The next day on the walk to school, my backpack is heavy with my practice clothes. "When you get out of school, come to the soccer fields," I tell Prim. Last year, Gale would go over to the elementary school and bring her to me. Just like last year when, instead of Mezzo after our school got out and before hers did, and I would hang out at his house – that routine is no longer. I don't have his help anymore and she's going to have to learn how to get to me on her own.
"I don't know where those are," she says, sounding nervous.
"You do," I say. "Gale brought you over last year, every Tuesday and Thursday. And you'd come to games."
She shakes her head. "I can't remember going to games."
"You did," I insist.
"Why can't Gale bring me now?" she asks, dragging her feet in rebellion.
"I'm not his friend anymore, I told you that," I snap. "I'm not going to ask him to do that."
"Why?"
"We don't talk anymore," I say. "He's not a nice person.
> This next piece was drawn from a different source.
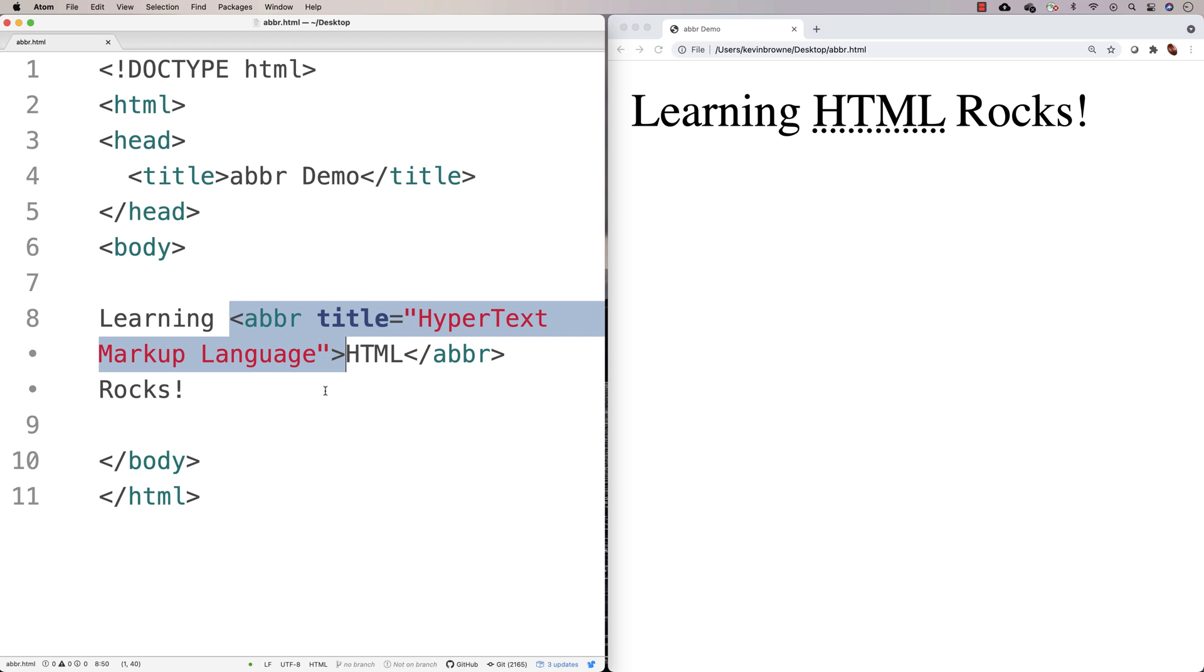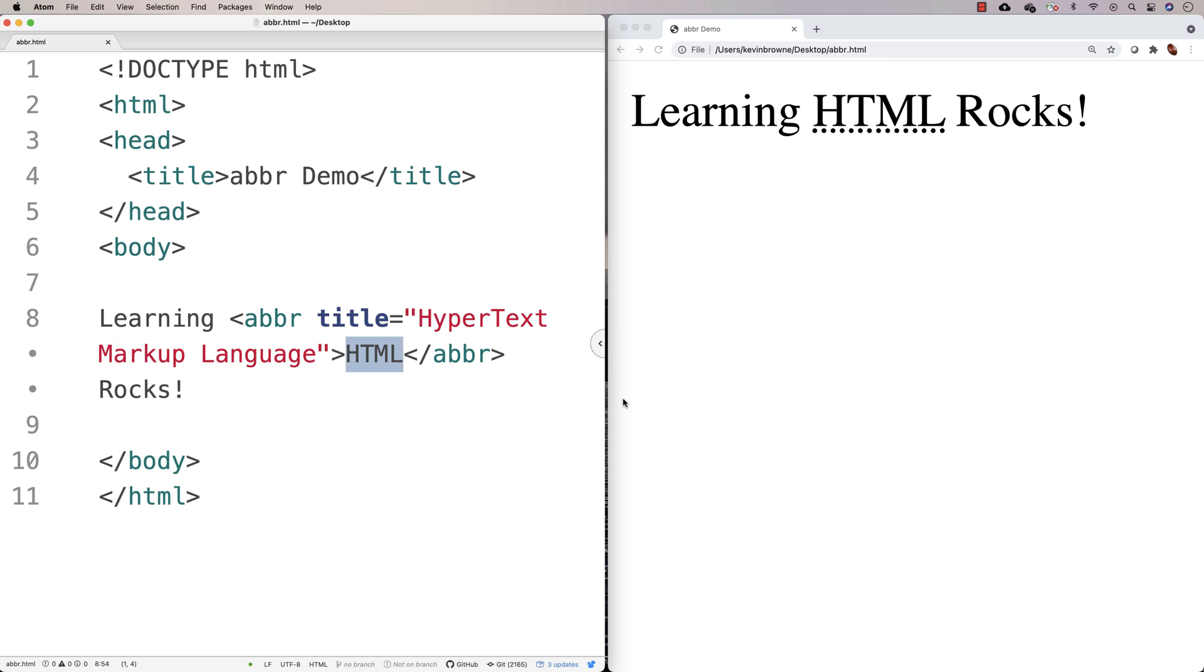But the reason why you'd want to do this is kind of twofold. So number one is you're telling the browser what this means, and you're telling any other machine or any other program that's reading your HTML file what this means. And that can be important for things like search engines that want to understand what your page is about. So it's going to be useful from that perspective.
I don't want him around me or you."
"He was a nice person to me," she says. "So that means he should take me."
"No, it doesn't," I say, and grab her wrist a bit forcefully. She glares at me reproachfully, but I don't loosen up. "Just do this one thing for me please. You're not a baby. You're eight. You can remember how to get to the soccer fields if I show you, because I have practice right after my school gets done until 5. And you're not walking all the way home without me." I release her wrist and she pulls it to her chest. "Can you do that?"
"Hmph," she pouts. "You hurt me."
"Prim, please," I roll my eyes as we walk up to the school campus and pass the fields. "Here's where you need to go. It's not far from your building, you can even see it from here. I want you here by 4, which is fifteen minutes after you get out. Can you do that for me, please?" She hesitates, but nods eventually. "Thank you." I walk her to the front door and don't go inside to join her for breakfast because I know she won't want me to.